Best Of Bensonhurst: 10 Biggest News Stories Of 2014

Best Of Bensonhurst: 10 Biggest News Stories Of 2014
Source: Instagram/repdesign1946
Source: Instagram/repdesign1946

It’s been a crazy year for our little corner of Southern Brooklyn.

To ring in the new year, we looked at the analytics data for Bensonhurst Bean and rounded up the biggest stories of 2014 – and there were so many great ones to choose from. Predictably, some of our most popular articles were not pretty: prostitutes getting arrested, murder plots being uncovered, and shady politicians winning elections.

But there was also plenty of good news to report in 2014. We welcomed several great new businesses to Ceasar’s Bay and 86th Street, we tasted some of the best cannoli outside of Italy (spoiler: it’s a toss up between Villabate Alba and Cannoli Plus), and let’s not forget that adorable couple who tied the knot on the N train. Also deserving of an honorable mention was the (failed) police effort to capture the “Abe Lincoln graffiti artist,” who, in turn, captured the the hearts of our readers.
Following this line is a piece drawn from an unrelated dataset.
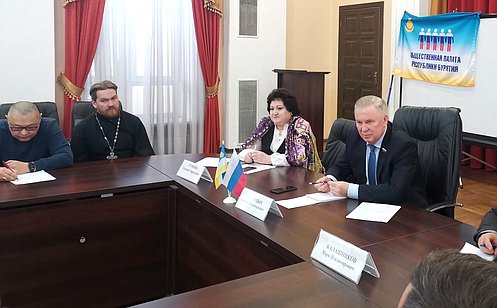 В. Наговицын провел встречу с членами Общественной палаты Бурятии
Since it was impossibly to choose the most interesting, exciting, and important stories of 2014, we decided to let the data speak for itself. These are the news stories that raked in the most page-views in 2014:

1. Twelve women were arrested, nine massage parlors shut down in prostitution bust.
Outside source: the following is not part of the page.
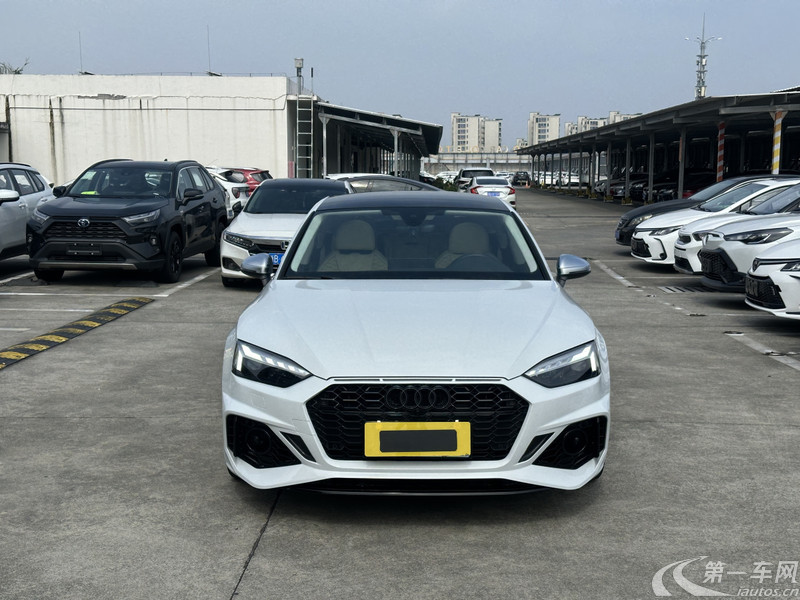 奥迪A5掀背 40TFSI [进口] 2021款 2.0T 自动 汽油 时尚动感型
2. A woman was found dead in a parked car in front of Villabate Alba.

3. An 86th Street Foot Locker employee was caught filming women in the bathroom.

4. A BJ’s Wholesale Club came to Ceasar’s Bay waterfront.

5. A convict offered an undercover cop $10,000 to kill the Gravesend bodega owner who testified against him.

6. Pole-wielding lunatic walked into Starbucks on 86th Street and smashed stranger’s laptop to bits.

7. A crook was caught on camera swiping packages before the holidays.

8. Chinese investors are planning a mall, hotel, and more at a development site on the Sunset Park-Dyker Heights border.

9. A Planet Fitness came to 86th Street.

10. Officer Wenjian Liu, a Gravesend native, had been married just three months before he was killed.